Question 1: My answer to this question has changed over the past two years. I now believe that problem-solving skills are most important. I find that I am putting less emphasis on memorizing formulas and facts, and more on developing strategies and using technology. Also, good guessing and estimation skills compliment problem-solving skills.
Question 2: We are struggling with this at our school. We have a solid "core" curriculum (Algebra I, II, Geometry, Trig, Analytic Geo) plus AP Calculus I, II and AP Statistics. With Algebra reform, and integrated/interdisciplinary movement, some of us are beginning to think about whether our curriculum meets the needs of our students and our society.

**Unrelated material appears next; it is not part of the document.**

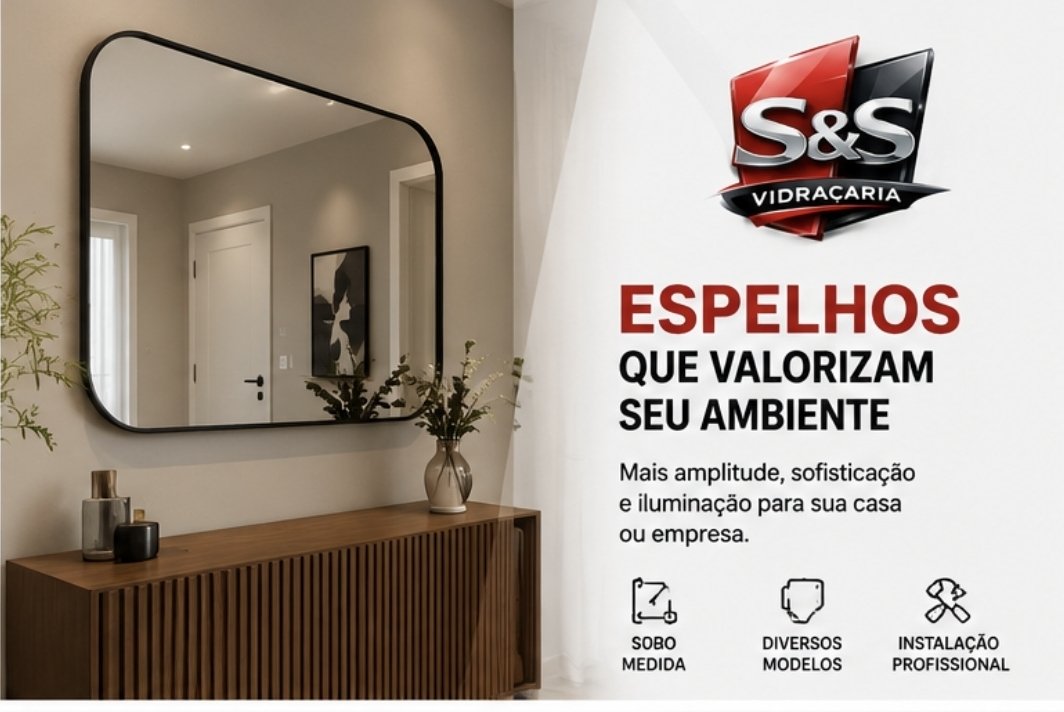 Vidraçaria S&S Na Zona Sul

Question 3: Right now, we judge our effectiveness by looking at math contest results, and results on ACT, SAT, AP tests. These tests reflect what math educators think are important, and we believe that if our students earn good scores, we have been effective in our teaching.
Question 4: First, the teacher has to have a solid background in higher math - an analogy would be that a bookkeeper and an accountant can both do the same job, but the accountant has the "big picture." Second, teaching is a skill that either comes naturally, or must be learned - you have to know what questions to ask during class, and when to ask them. You have to invent creative approaches in teaching, or the students "tune out." Third, a teacher must go to class with excitement every day, no matter how he/she feels - excitement about math IS contagious. Fourth, you have to be alert to students who are "lost" and know how to help them understand - this country is run by "C students."
Question 5: In high school, I had a couple of very good math teachers - what else!
Question 6: I wish college teachers/professors had the same pressure that high school and elementary teachers have in thinking about how to teach. The image of college professors is totally "teacher-centered" (lecture, explain, prove, test on details) with sleepy students sitting quietly writing notes for an hour. No wonder prospective math teachers often have so much trouble - they are just teaching as they were taught!